現物出資とは、会社の設立時の出資方法の一つで、現物の資産を用いて出資をする事をいいます。例えば、個人事業主として行っていた事業を新たに設立した株式会社で引き継ぐ場合などで、事業に必要な機器や設備などの資産は現物出資の方法で株式会社の資産として引き継ぐ事が検討出来ます。但し、この現物出資は正しく行わないと設立した会社に不利益が出る場合があります。そのため、会社を設立する場合に作成・認証を受ける定款の中の相対的記載事項への記載や裁判所が選任する検査役による調査など、いくつかの必要事項があります。今回は現物出資の詳細説明、現物出資のメリットとデメリット、会社設立時の現物出資を行う手順と必要書類について説明します。
目次
1 現物出資とは
現物出資とは、出資を現金以外のもので行う事をいいます。自動車や不動産、事業で使用する設備機器を出資金に充てる事ができます。現物出資は、会社設立時の出資のタイミングでも実施できますし、会社設立後の増資でも実施する事が可能です。現物出資を利用するパターンは、大きく2つに分かれています。
①資本金に必要な現金が不足している場合
例)資本金1,000万円の会社を設立のために、現金は700万円の用意に留まったため、300万円の現物出資を行う。

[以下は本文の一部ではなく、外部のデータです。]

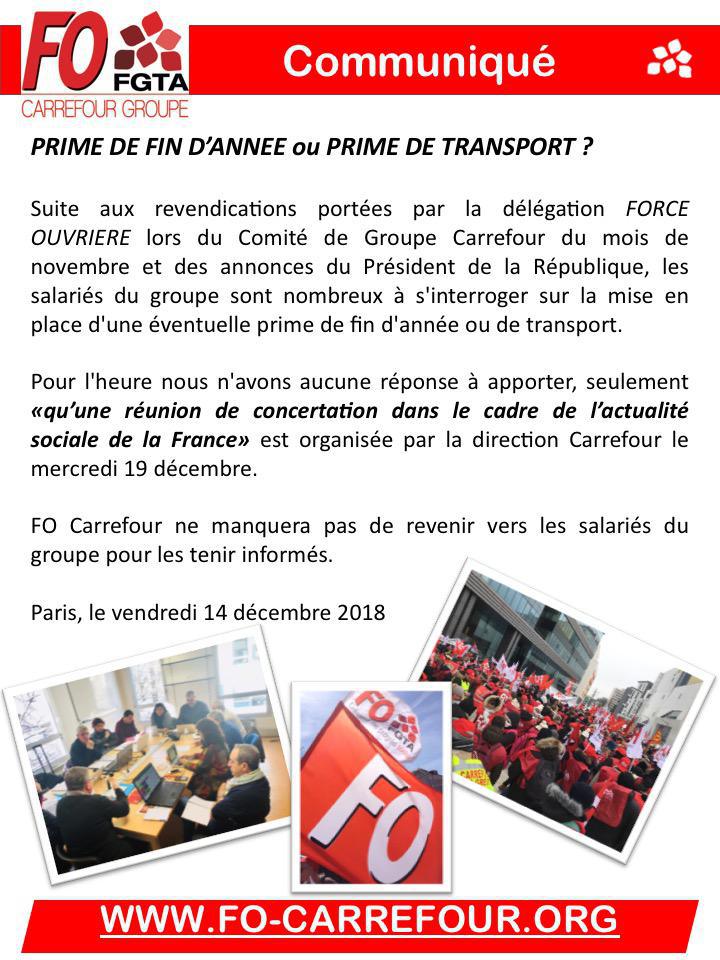 FO Carrefour : PRIME DE FIN D’ANNEE ou PRIME DE TRANSPORT ?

②新たに設立する会社の事業に必要な設備機器や備品を発起人が所有している場合
例)個人事業主で事業を営んでいたが、事業内容は同じで法人に成り上がりすることとなり、所有していた設備機器の現物出資を行う。現物出資となる対象は、以下の3点の条件を満たす必要があります。
≪現物出資の対象≫
- ○譲渡が可能である。(所有権の移転が可能である。)
- ○貸借対照表上に資産として計上できる。
- ○現金以外のものである。
≪具体的な現物出資の対象≫
不動産、動産(設備機器/パソコンや電話機などのOA機器/自動車)、有価証券、債券、契約権、知的財産権(特許権とう)、仮想通貨等発起人のみが出資して会社を設立することを『発起設立』といいます。また、発起人のほかに出資者がいる場合は『募集設立』といいます。今回の説明においては、発起設立を前提に説明を行います。
1-1 出資の種類と現物出資の特徴
1‐1‐1.出資とは
会社を設立する際の資金調達方法は大きく2つの方法があります。それは『出資』と『融資』です。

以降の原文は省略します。